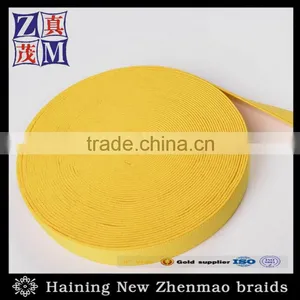 Yellow Safety Seat Belt Factory Wholesale Thick Power Band thumbnail-1
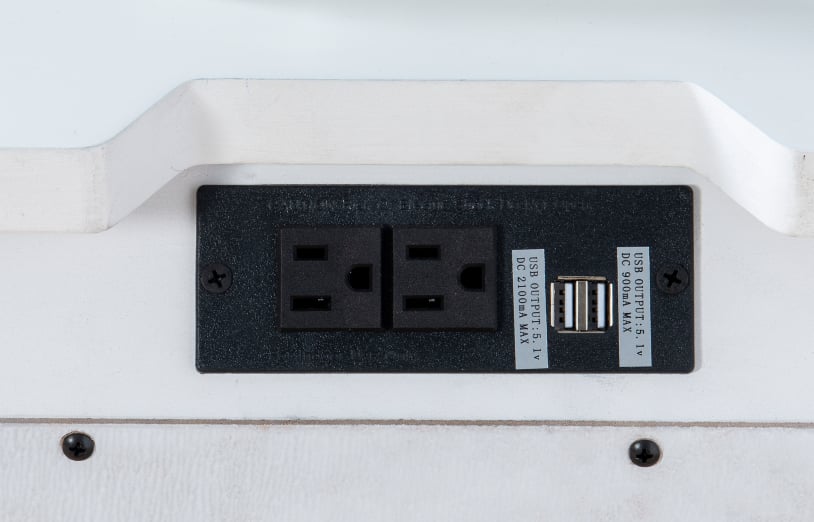 Legacy Classic Summerland 1-Drawer Nightstand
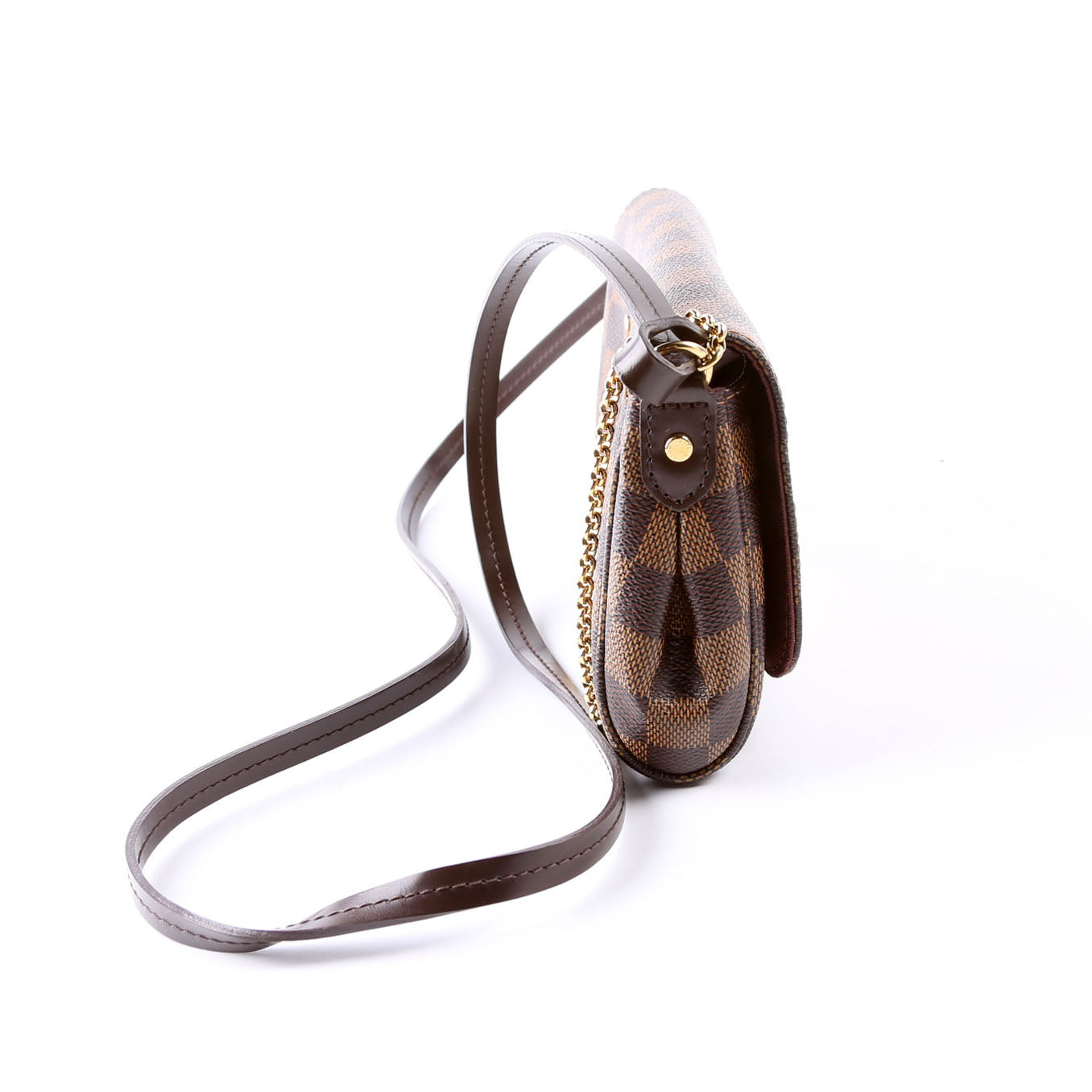 Louis Vuitton Favorite PM Ebene Damier Handbag Ebene 8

(Exercise)
The answer should be the full material above, printed exactly, with no pictures in it.

(Result for this task)
 Yellow Safety Seat Belt Factory Wholesale Thick Power Band thumbnail-1
 Legacy Classic Summerland 1-Drawer Nightstand
 Louis Vuitton Favorite PM Ebene Damier Handbag Ebene 8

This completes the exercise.